Nelson, the Moisin-Nagant rifle never had anything "tactical" as a factory add-on. ALL of this crap is after-market junk designed to remove your money from your wallet, painlessly enough that you don't call the cops. It's very flashy, designed by its gaudiness to attract the people who have money to burn and who don't know any better. Think of it as being rather like swapping beads and shiny things to the Indians and walking away with Manhattan Island.
Military rifle stocks are designed over a period of years into their final forms. In the case of the Lee-Enfield rifle, this process began with the introduction of the Remintgon-Lee Rifle in 1879. The British liked the basic bolt system and the magazine, but they already had the Martini in production and so could see the advantages of a 2-piece stock.... so they modified the Lee action in such fashion that said 2-piece stock could be used to advantage. Then they built the rifle, first in a .402 (likely half a dozen specimens) and then finally in the new .303 cartridge which the Royal Laboratory had designed with input from Major Rubin. Over the following years the 8-shot magazine gave way to the 10-rounder, Metford rifling gave way to Enfield rifling (also invented by Metford, by the way), the long Rifle and short Carbine combination gave way to a single Short Rifle, charger-loading was developed, a lighter barrel was introduced, the Cordite was modified to a much-less-erosive type..... and the Rifle, Short, Magazine Lee-Enfield Mark III was approved for manufacture at the end of January of 1907.

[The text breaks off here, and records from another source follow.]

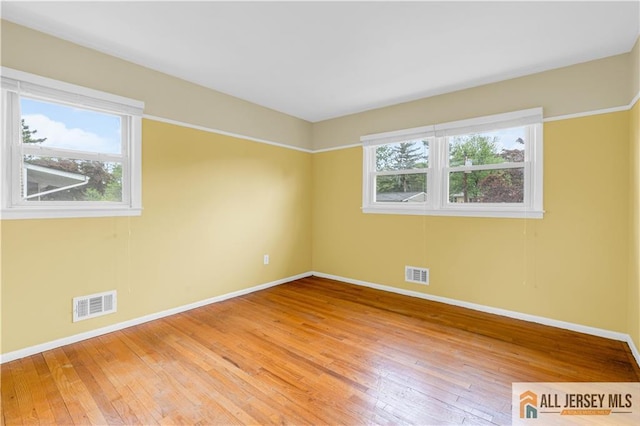 empty room featuring baseboards and light wood-type flooring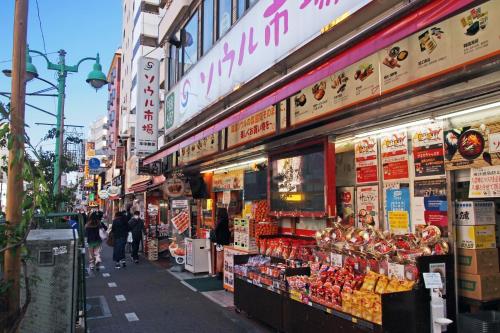 een straat met mensen die voor een winkel lopen bij Hotel RIO新宿 in Tokyo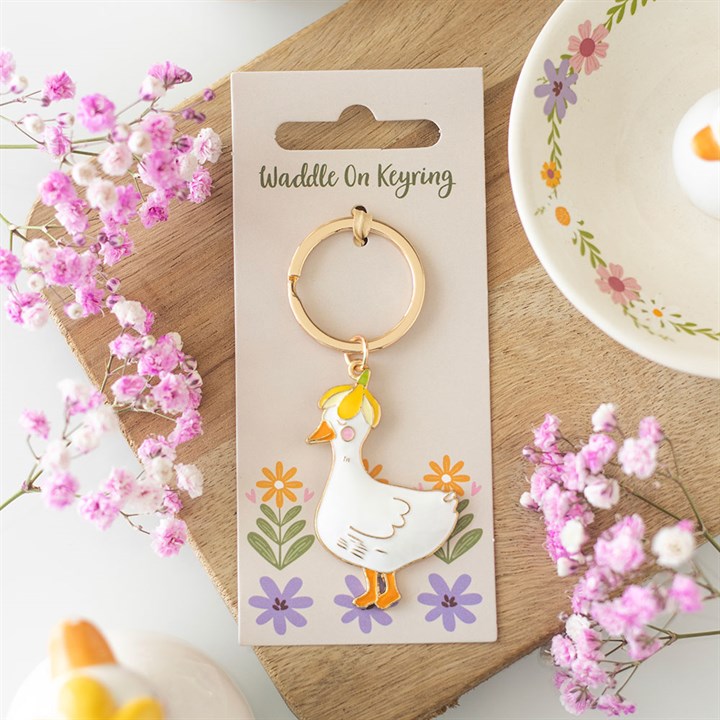 White enamel duck keyring wearing a yellow flower hat, mounted on a cream gift backing card with pastel illustrations, resting on a wooden board next to pink flowers.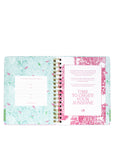 Open planner with floral design on a white background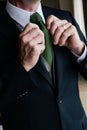 Man fixes tie in a suit Royalty Free Stock Photo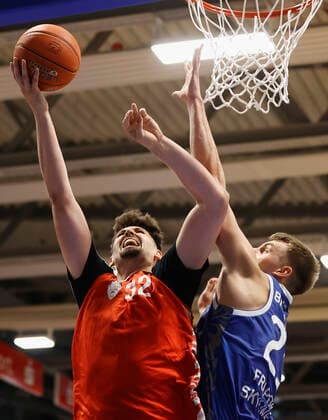 05 09 2021, Basketball, REWE Cup 2021, Final, Fraport Skyliners s Oliver Wuerzburg, GER, Hagen, Krollmann Arena Picture f li Nicolas Carvacho s Oliver Wuerzburg and Lorenz Brenneke Fraport Skyliners DFL REGULATIONS PROHIBIT ANY USE OF PHOTOGRAPHS AS IMAGE SEQUENCES AND OR QUASI VIDEO Copyright: HMBxMedia xHeikoxBecker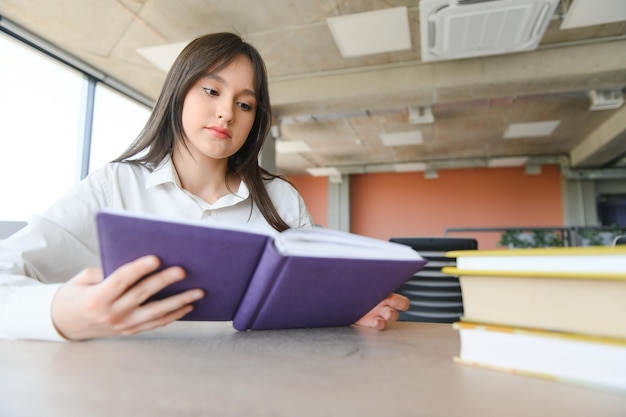 Bildungs- und Schulkonzept-Studentin, die in der Schule ein Buch studiert und liest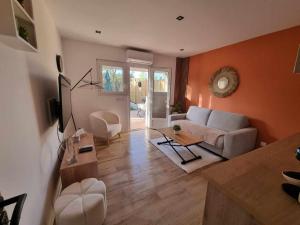 a living room with a couch and a table at Maison St Aygulf entre mer et détente in Fréjus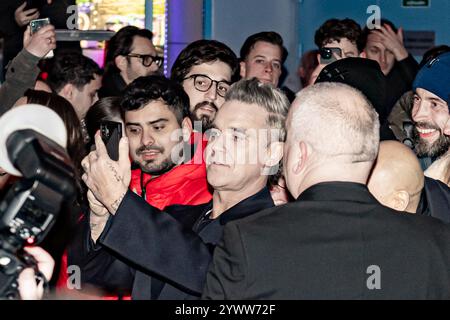 NLD, Amsterdam, 10-12-2024: Robbie Williams scatta selfie con i fan durante la visita alla prima del film Better Man al Royal Theatre Tuschinski di Amsterdam. ANP / Hollandse Hoogte / Patrick Harderwijk netherlands Out - belgium Out Foto Stock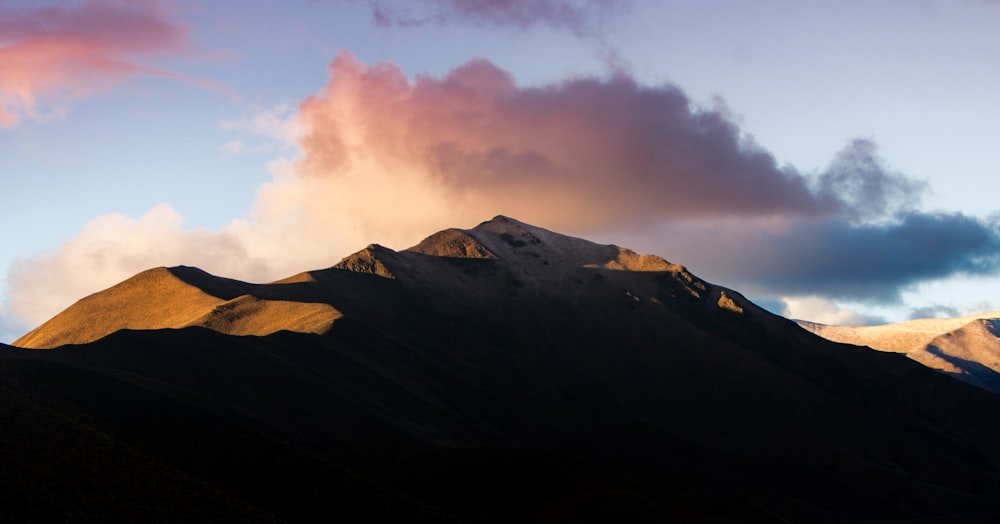 black and white mountain under white clouds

By that time it was PERFECT. The stock protected the hands of the shooter, it kept the sights well visible and usable when the barrel was good and hot, it provided a very solid platform for the Bayonet..... and it rebalanced the entire assembly into absolutely the SWEETEST bayonet-fighting combination ever developed, anywhere.
So the stock on a proper Lee-Enfield as absolutely as TACTICAL as they get.
No PLASTIC abortion of a thing can possibly fit the role as well.